The most common usage of hover is through built-in recipes like in the quickstart.

🎡 Let's explore another recipe -- an active learning example.

Running Python right here

Think of this page as almost a Jupyter notebook. You can edit code and press Shift+Enter to execute.

Behind the scene is a Binder-hosted Python environment. Below is the status of the kernel:

Recap: Data & Embeddings

This is exactly the same as in the quickstart:

from hover.core.dataset import SupervisableTextDataset
import pandas as pd

example_csv_path = "https://raw.githubusercontent.com/phurwicz/hover-gallery/main/0.5.0/20_newsgroups_raw.csv"
# for fast demonstration purpose, sample the data
df_raw = pd.read_csv(example_csv_path).sample(2000)

# data is divided into 4 subsets: "raw" / "train" / "dev" / "test"
# this example assumes no labeled data available., i.e. only "raw"
df_raw["SUBSET"] = "raw"

# this class stores the dataset throught the labeling process
dataset = SupervisableTextDataset.from_pandas(df_raw, feature_key="text", label_key="label")

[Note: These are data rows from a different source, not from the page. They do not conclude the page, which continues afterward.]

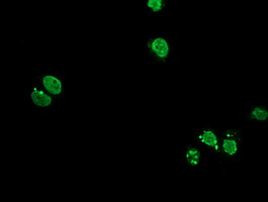 HOXC11 Antibody in Immunocytochemistry (ICC/IF)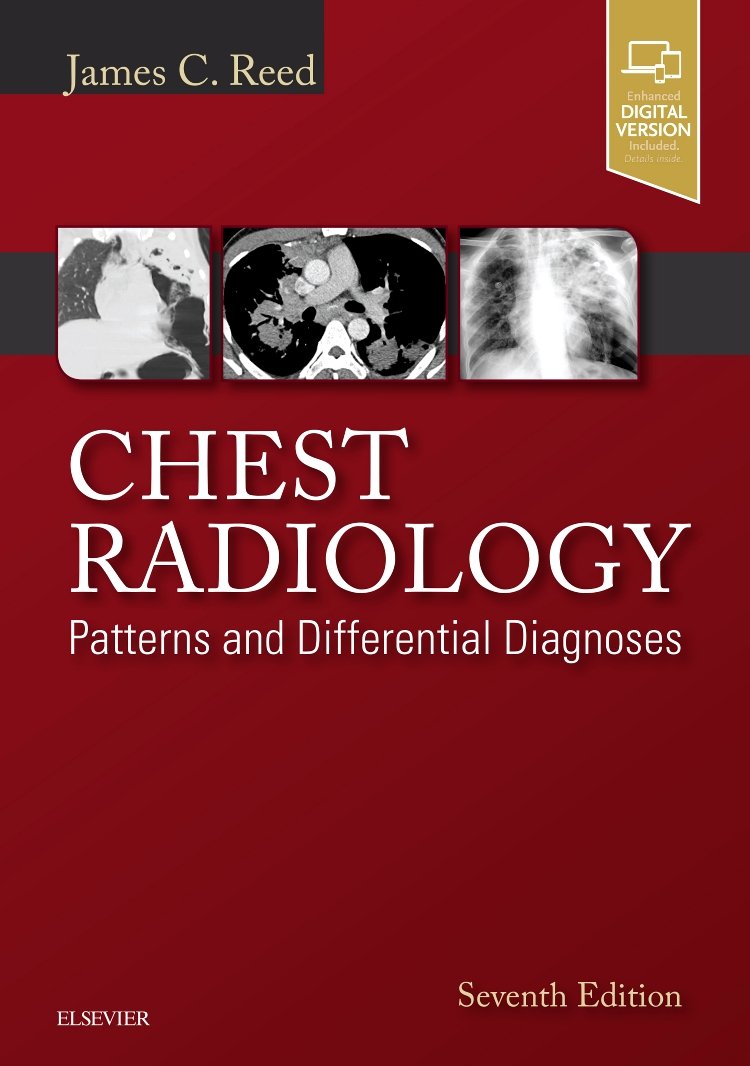 chest radiology diagnoses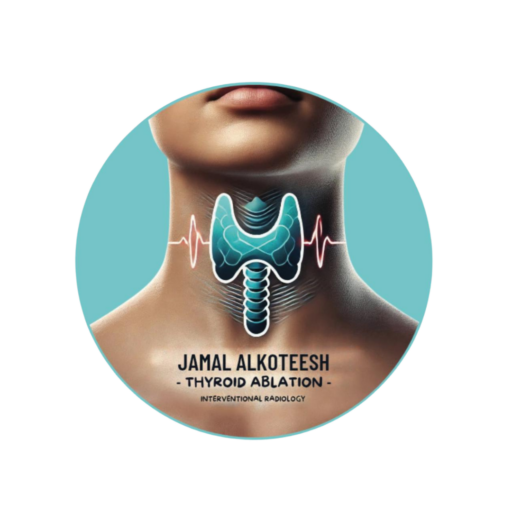 thyroidablaionuae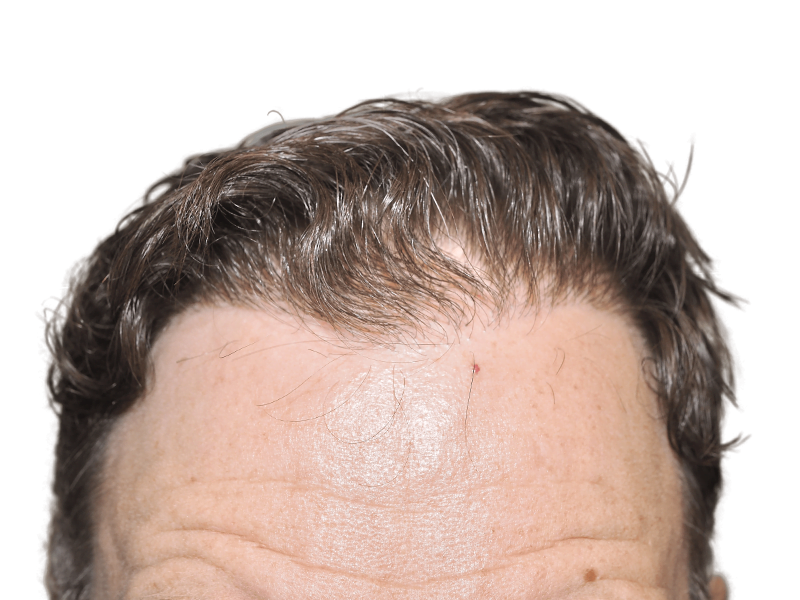 Before hair transplant: Thinning, graying hairline on Caucasian male. Hair restoration candidate. Forehead close-up.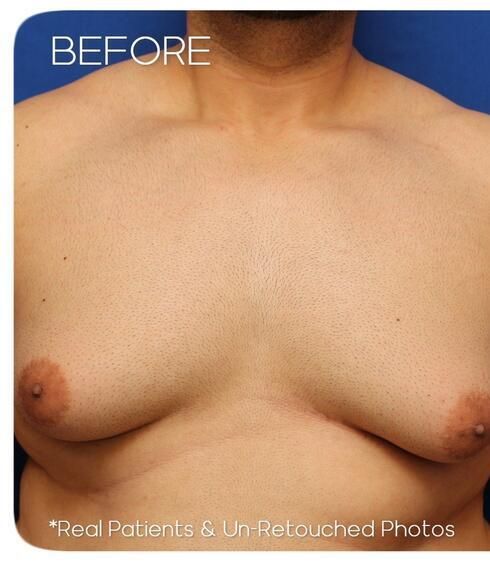 Gynecomastia Before & After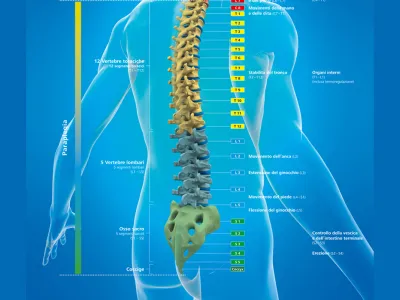 laehmungshoehe-paraplegie
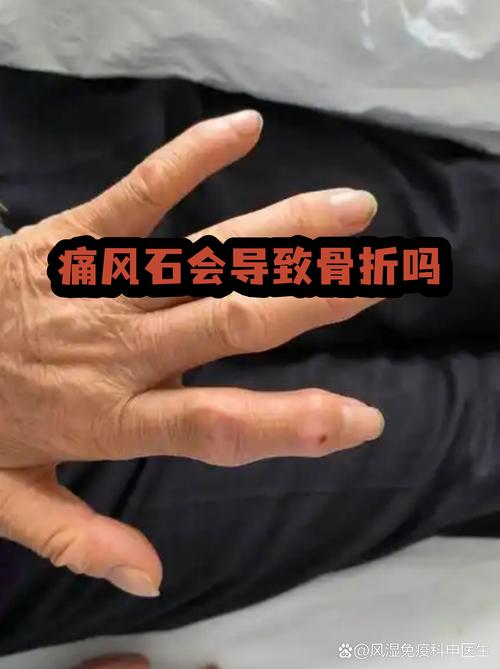 痛风会导致后背疼吗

# each subset can be accessed as its own DataFrame
dataset.dfs["raw"].head(5)


import spacy
import re

# use your preferred embedding for the task
nlp = spacy.load("en_core_web_md")

# raw data (str in this case) -> np.array
def vectorizer(text):
    clean_text = re.sub(r"[\s]+", r" ", str(text))
    return nlp(clean_text, disable=nlp.pipe_names).vector

text = dataset.dfs["raw"].loc[0, "text"]
vec = vectorizer(text)
print(f"Text: {text}")
print(f"Vector shape: {vec.shape}")


# any kwargs will be passed onto the corresponding reduction
# for umap: https://umap-learn.readthedocs.io/en/latest/parameters.html
# for ivis: https://bering-ivis.readthedocs.io/en/latest/api.html
dataset.compute_2d_embedding(vectorizer, "umap")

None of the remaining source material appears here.